The board assigns ratings to games based on their content, using judgment similar to the motion picture rating systems used in many countries, using a combination of six age-based levels intended to aid consumers in determining a game's content and suitability, along with a system of "content descriptors" which detail specific types of content present in a particular game. More recently, the ratings also include descriptors for games with online interactivity or in-game monetization. The ratings are determined by a combination of material provided by the game's publisher in both questionnaires and video footage of the game, and a review of this material by a panel of reviewers who assign it a rating. The ratings are designed towards parents so they can make informed decisions about purchasing games for their children. Once a game is rated, the ESRB maintains a code of ethics for the advertising and promotion of video games—ensuring that marketing materials for games are targeted to appropriate audiences.
The ESRB ratings system is enforced via the voluntary leverage of the North American video game and retail industries for physical releases; most stores require customers to present photo identification when purchasing games carrying the ESRB's highest age ratings, and do not stock games which have not been rated. Additionally, major console manufacturers will not license games for their systems unless they carry ESRB ratings, while console manufacturers and most stores will refuse to stock games that the ESRB has rated as being appropriate for adults only. More recently, the ESRB began offering a system to automatically assign ratings for digitally-distributed games and mobile apps, which utilizes a survey answered by the product's publisher as opposed to a manual assessment by ESRB staff, allowing online storefronts to filter and restrict titles based on the ESRB. Through the International Age Rating Coalition (IARC), this method can generate equivalent ratings for other territories. Alongside its game rating operation, the ESRB also provides certification services for online privacy on websites and mobile apps. There have been attempts to pass federal and state laws to force retailers into compliance with the ESRB, but the 2011 Supreme Court case Brown v. Entertainment Merchants Association ruled that video games are protected speech, and such laws are unconstitutional.
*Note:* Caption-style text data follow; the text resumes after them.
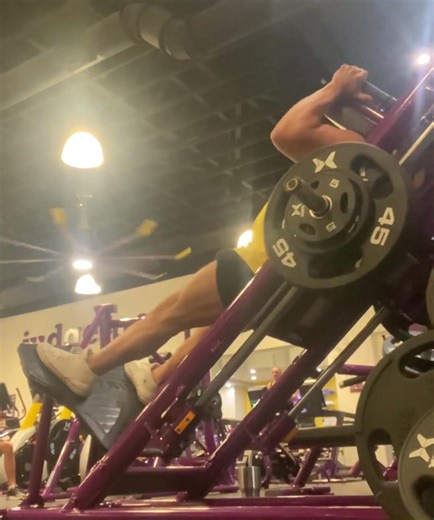 315x8 ATG PAUSE HACK SQUATS HIGH AND WIDE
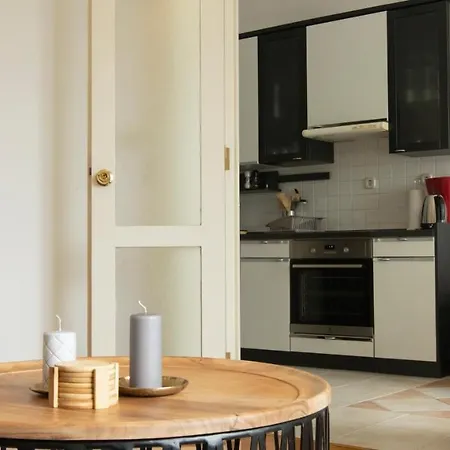 Mozart Apartment *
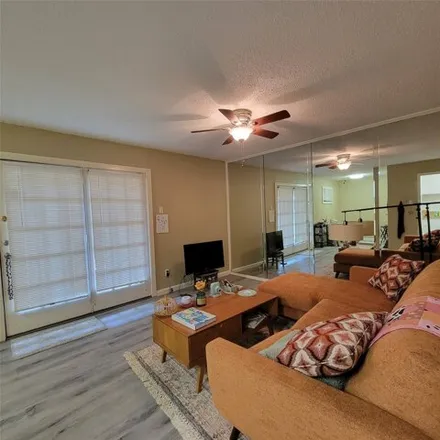 Image 9 - 1801 Cortlandt St Apt 6, Houston, Texas, 77008 - Apartment for rent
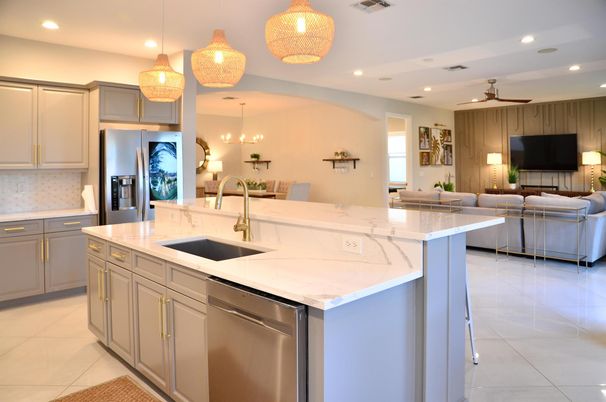 Interior, Kitchen, Living room, Pendant Lights, Recessed Lighting, Stainless Steel Appliances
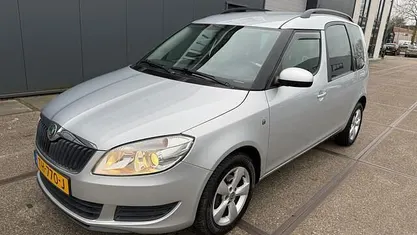 Gebruikt 2015 Skoda Roomster Elegance MPV | € 5.450 (Goede deal)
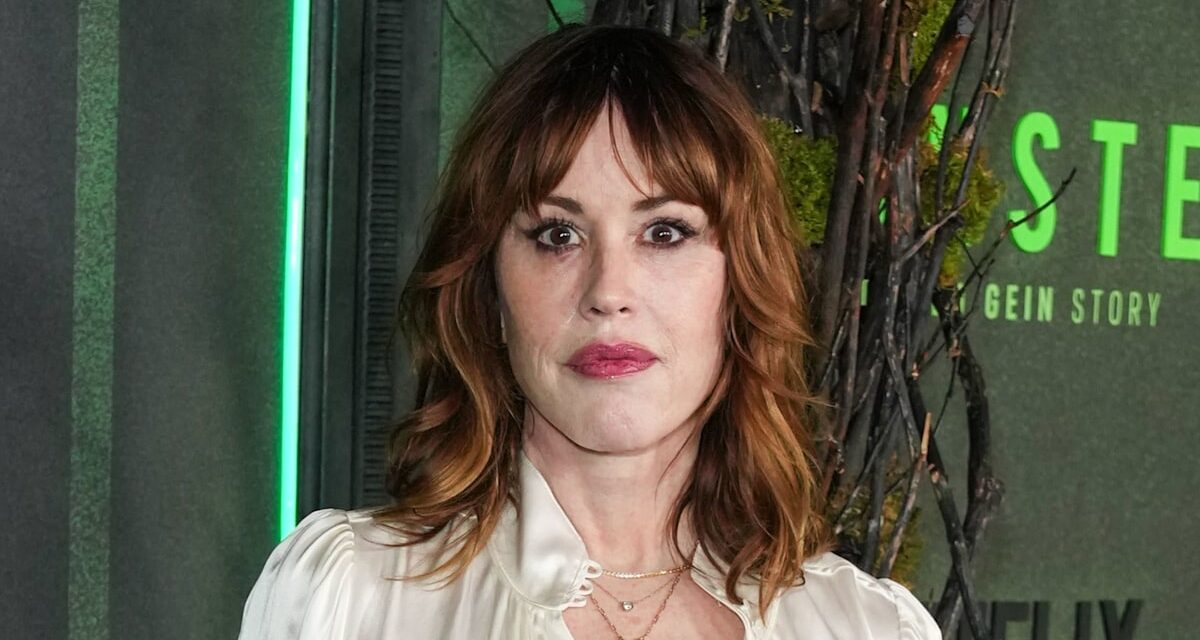 L&rsquo;apparition de l&rsquo;actrice de Molly Ringwald fait que les fans disent la même chose dans de nouvelles photos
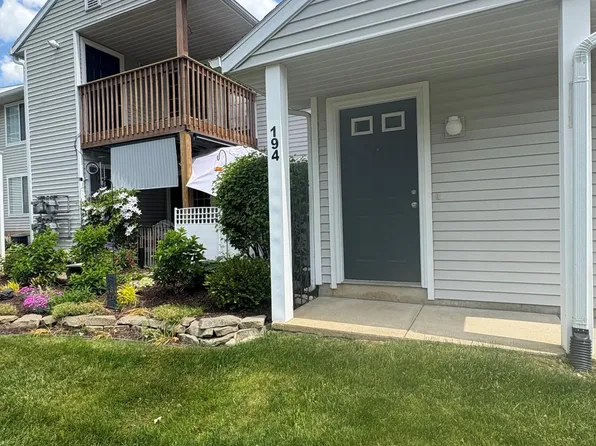 194 Hunters Ln NE #37, Rockford, MI 49341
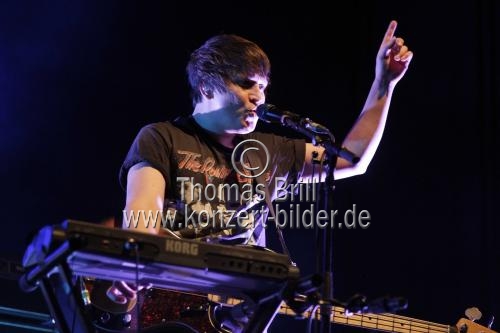 Englische Alternative-Rockband The Wombats gastiert auf ihrer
Due to the level of consumer and retail awareness of the ratings system, along with the organization's efforts to ensure that retailers comply with the ratings system and that publishers comply with its marketing code, the ESRB has considered its system to be effective, and was praised by the Federal Trade Commission for being the "strongest" self-regulatory organization in the entertainment sector. Despite its positive reception, the ESRB has still faced criticism from politicians and other watchdog groups for the structure of its operations, particularly in the wake of a 2005 incident that surrounded the organization's handling of "hidden", objectionable content in Grand Theft Auto: San Andreas which could be accessed using a user-created modification.
The ESRB has been accused of having a conflict of interest because of its vested interest in the video game industry, and that it does not rate certain games, such as the Grand Theft Auto series, harshly enough for their violent or sexual content in order to protect their commercial viability. Contrarily, other critics have argued that, at the same time, the ESRB rates certain games too strongly for their content, and that its influence has stifled the viability of adult-oriented video games due to the board's restrictions on how they are marketed and sold.